Ormai mesi fa, un’educatrice impegnata a seguire alcuni ragazzi nell’attività di doposcuola, ha notato in uno di loro i segnali inequivocabili di un momento di difficoltà familiare. Un paio di scarpe bucate, per fare giusto un esempio, erano il sintomo di ristrettezze economiche che finivano per toccare inevitabilmente anche il bambino, per questo preso di mira da alcuni compagni. Già qui, questa storia dovrebbe dare a noi genitori, per primi, un insegnamento.

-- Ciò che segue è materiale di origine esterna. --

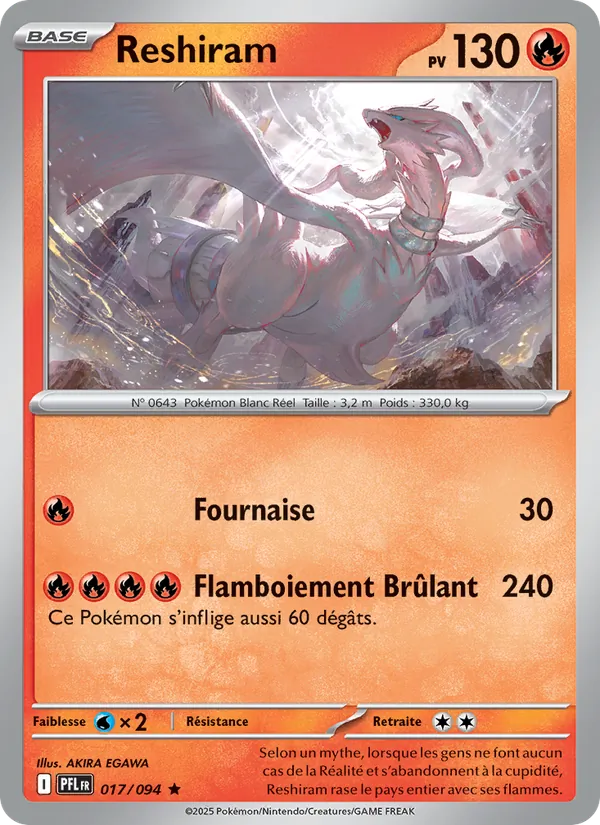 Reshiram – Flammes Fantasmagoriques 17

Le conferme delle ristrettezze economiche trovavano purtroppo conferma con la didattica a distanza, che tramite uno schermo mostrava all’educatrice le precarie condizioni dell’abitazione in cui il bambino viveva: la cucina ridotta ai minimi termini, le pareti del salotto coi mattoni forati a vista e soprattutto la cameretta del ragazzino inesistente, priva di ogni mobile ma anche di infissi, di pavimento.
È stato a quel punto che l’educatrice – lasciatemelo dire: straordinaria! -, che già si era prodigata in regali utili per il bambino, ha iniziato a cercare un contatto con i suoi genitori, a stringere una relazione umana ed empatica con la scusa, ad esempio, di un pensiero per Natale.
Ciò che ha visto – e che non sto qui a raccontare – le ha letteralmente tolto il sonno, animando in lei il forte e urgente desiderio di aiutare una famiglia che stava vivendo un momento assolutamente pesante. Può capitare a tutti un brutto periodo, di lasciarsi andare.
Proprio in quei giorni, purtroppo, la madre, che già pativa importanti problemi di salute, è stata ricoverata in ospedale per una polmonite causata dalle gelide temperature della casa. Impossibile continuare a vivere in quelle condizioni.
L’educatrice, giovanissima, a quel punto ha chiesto aiuto ai suoi genitori, che a loro volta hanno richiesto il supporto di amici e conoscenti mettendo in campo una rete di solidarietà straordinaria, composta da circa 30 persone che, fino a quel momento, in parte nemmeno si conoscevano tra loro.
In un mese e mezzo circa, questi 30 cittadini qualunque hanno investito tempo, denaro e fatica per trasformare un’abitazione diroccata in una vera, confortevole, casa. C’è chi ha elargito donazioni importanti, chi ha regalato mobili, chi si è occupato dello sgombero e del trasloco, chi ha messo a disposizione otto operai e ci sono gli stessi operai stranieri – e lo sottolineo volutamente – che non hanno voluto essere pagati.
Conclusi i lavori c’è stata una festa, di cui la torta che vedete in foto è una testimonianza. Con pane fatto in casa e prodotti della terra i genitori del bambino hanno ringraziato la loro “nuova famiglia” e continuano a farlo ancora, perché questa unione straordinaria non si spezza ma anzi si rafforza.
Ho incontrato questi cittadini, esempio straordinario di come Ragusa sia una città che proprio non sa cedere all’indifferenza, venerdì pomeriggio. Hanno voluto raccontarmi la loro storia affinché, attraverso me, possa essere di esempio ad altri e risvegliare quel gran cuore che i ragusani hanno sempre avuto. L’impegno adesso è per sostenere la ripartenza della loro attività agricola familiare. So che anche questo obiettivo sarà raggiunti.
Concludo con poche parole dell’educatrice, illuminanti: “Se vedo qualcosa che non va e io posso fare qualcosa, non ce la faccio a non fare niente”.
Ragusa ha questo spirito, questo cuore qui”.